The main entry point to the applet is the pageRequest() function. This takes a URL, and a string containing the JavaScript function name to call back. For now I’ve disabled being able to set the callback, and hardcoded the call back to SB_PageRequestDone_Forward() in the applet’s frame, to make it tougher to use the applet for malicious third-party scripts loaded in other frames.

The callback then pushes the arguments into member variables of the applet, and signals the trusted thread to handle a request by waking it. The trusted thread reads in the arguments, and does the actual work.

It first fires off a header request using HTTPURLConnection to the web page to get the status code, and quickly discover if it’s missing or moved. After that, it requests the full page. There’s also a timeout thread on these that kicks in after 20 seconds of no response, and sets the status to HTTP_CLIENT_TIMEOUT.

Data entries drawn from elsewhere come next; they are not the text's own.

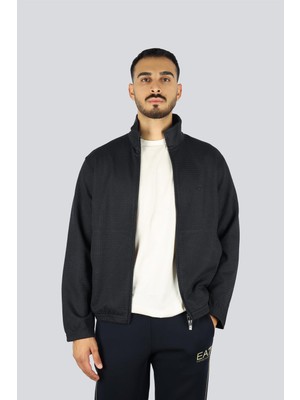 Şanal Emporio Armani Jakarlı Pamuklu Regular Fit Dik Yaka Fermuarlı Sweat Erkek Sweat EM003444 AF13700 FB297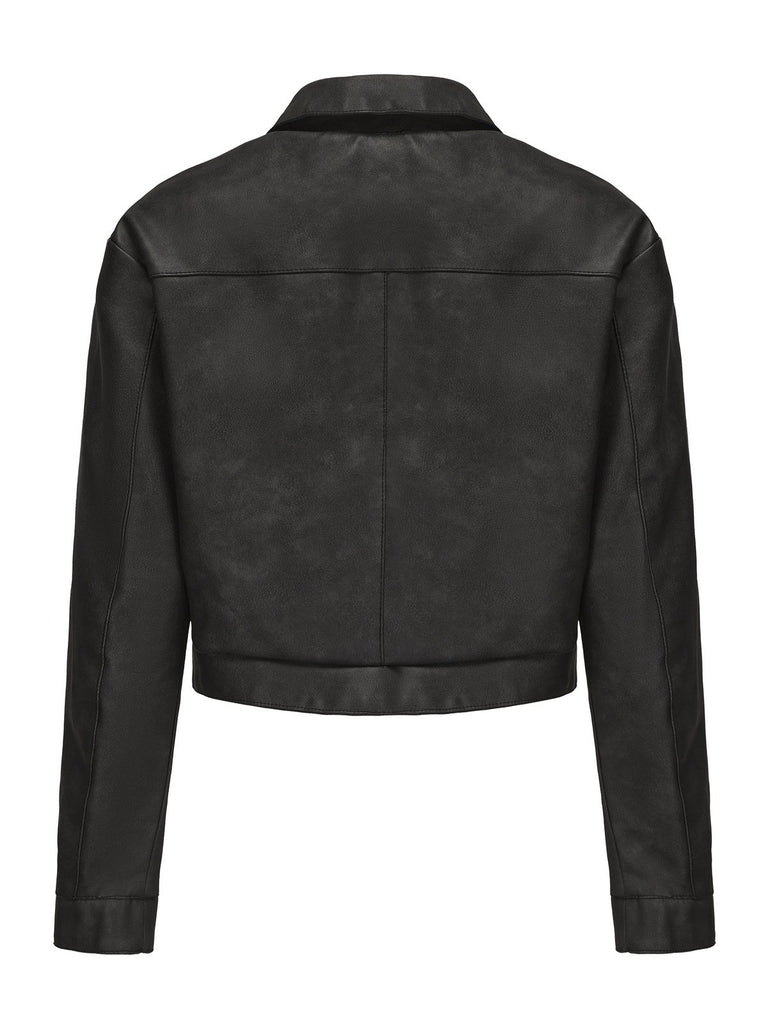 1950s Lapel Leather Long Sleeve Jacket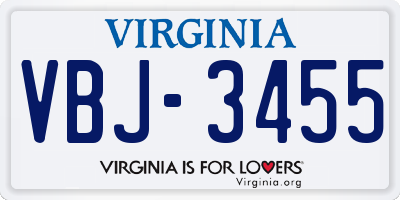 VA license plate VBJ3455
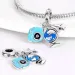 Hot Selling 925 Sterling Silver Travel Style Blue Car Charms Beads Pendant FIT Bracelet Necklace Diy For Women Jewelry_voghion.com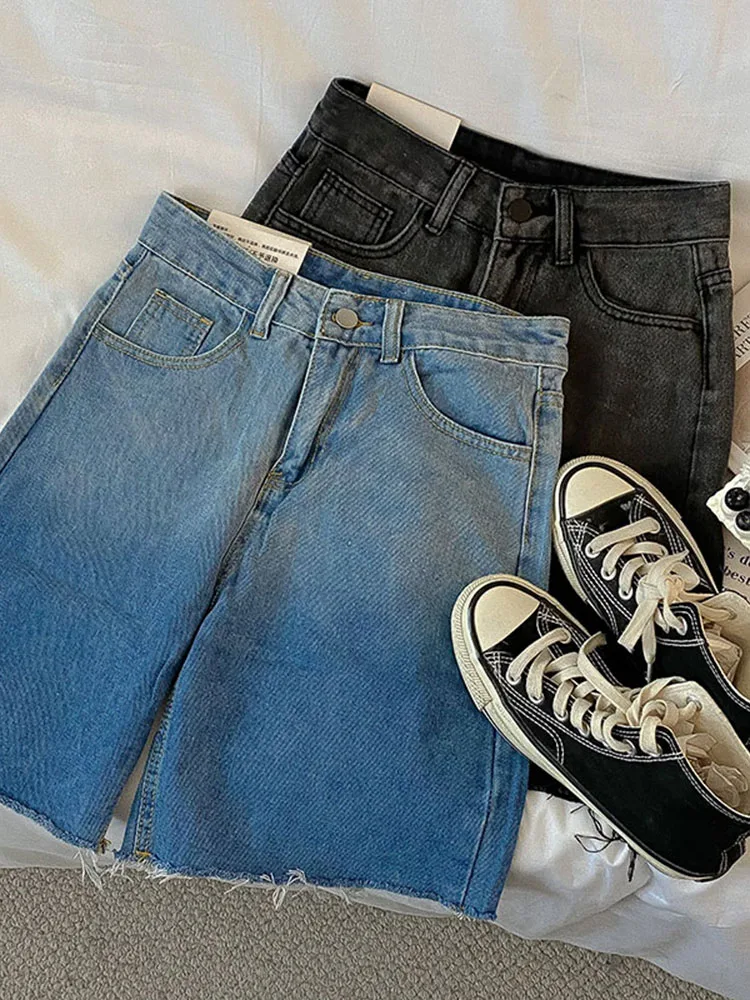 Cool feeling summer gradient shorts raw edge wide leg high waist new women's jeans fashion fried street five-point pants trend
Cool feeling summer gradient shorts raw edge wide leg high waist new women's jeans fashion fried street five-point pants trend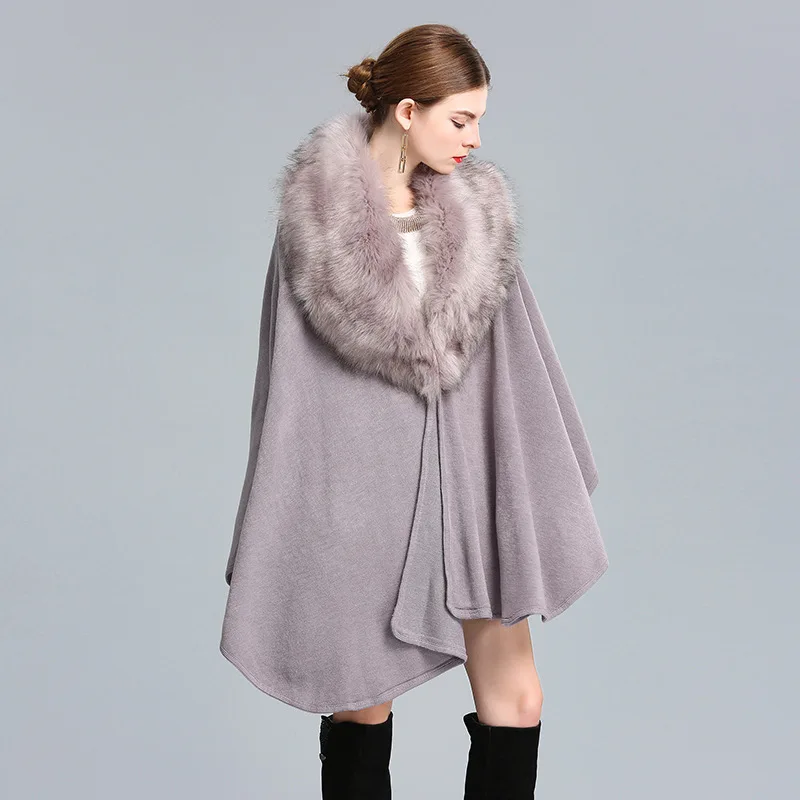 

2022 Winter New Women Leopard Print Woolen Coat Fur Collar Shawl Cloak Loose Large Size Plus Velvet Warm Coats Female Clothing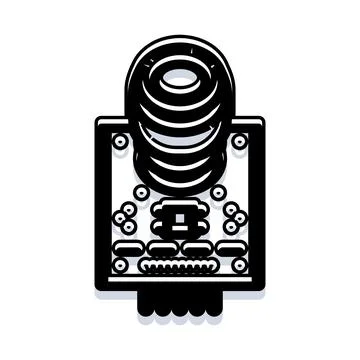 Electronic component with processor module on motherboard concept 스톡 일러스트
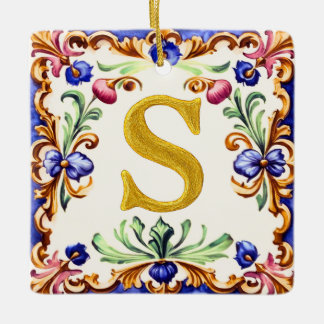 Ornement En Céramique Golden Alphabet – Letter S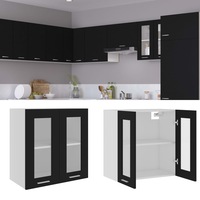 Hanging Glass Cabinet Black 60x31x60 cm Engineered Wood vidaXL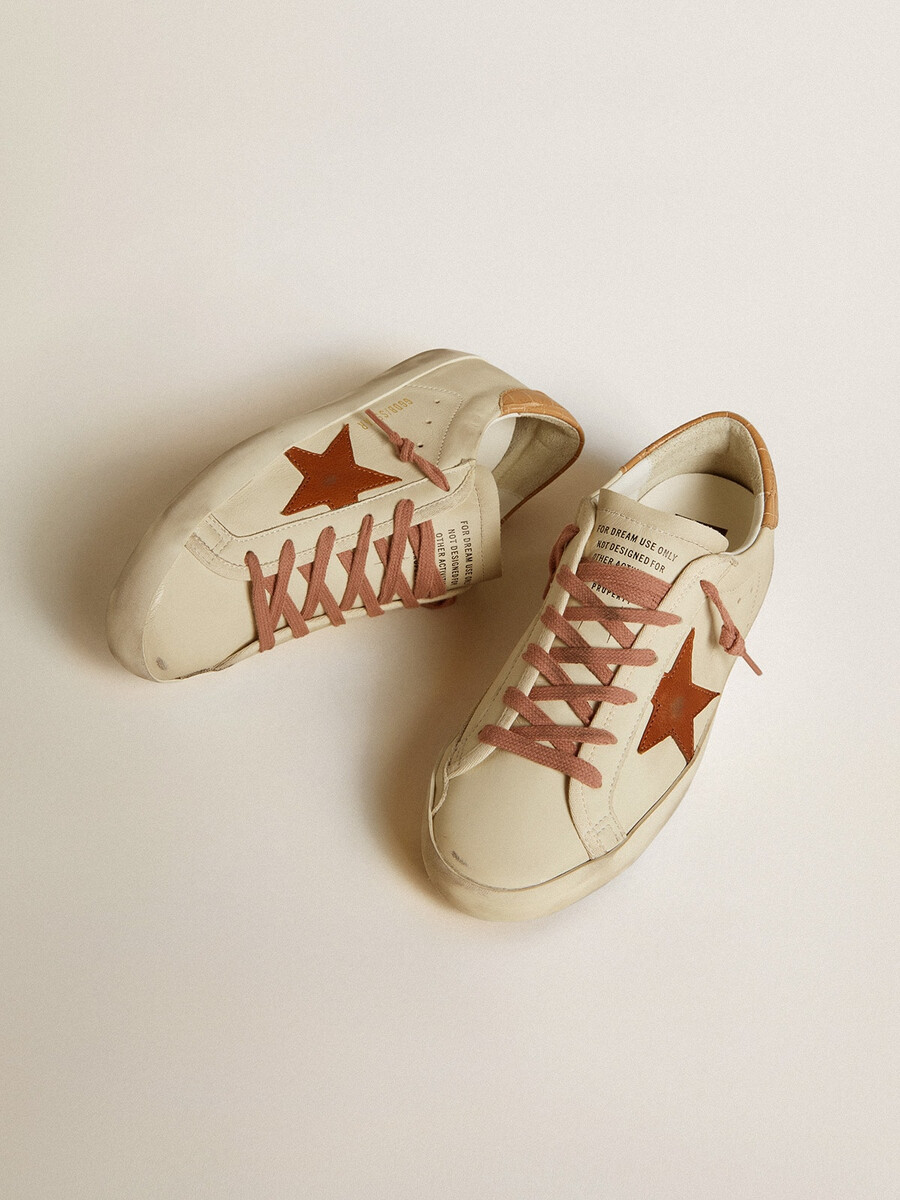 dames super-star met leren ster en hielstuk van leer met krokodillenprint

When the results are returned, the pageRequestDone() function is called, either with null for the contents if the page couldn’t be found, or a BufferedReader representing the contents, the source URL and the status code. The reader is converted into a string, and the JavaScript callback function (hardcoded currently to SB_PageRequestDone_Forward) is called with the results.

The applet is able to handle multiple concurrent requests because of its threading model. One quirk is that I had to include a JSObject jar to enable the ‘liveconnect’ functionality I needed to be able to call back and forth between JavaScript and Java.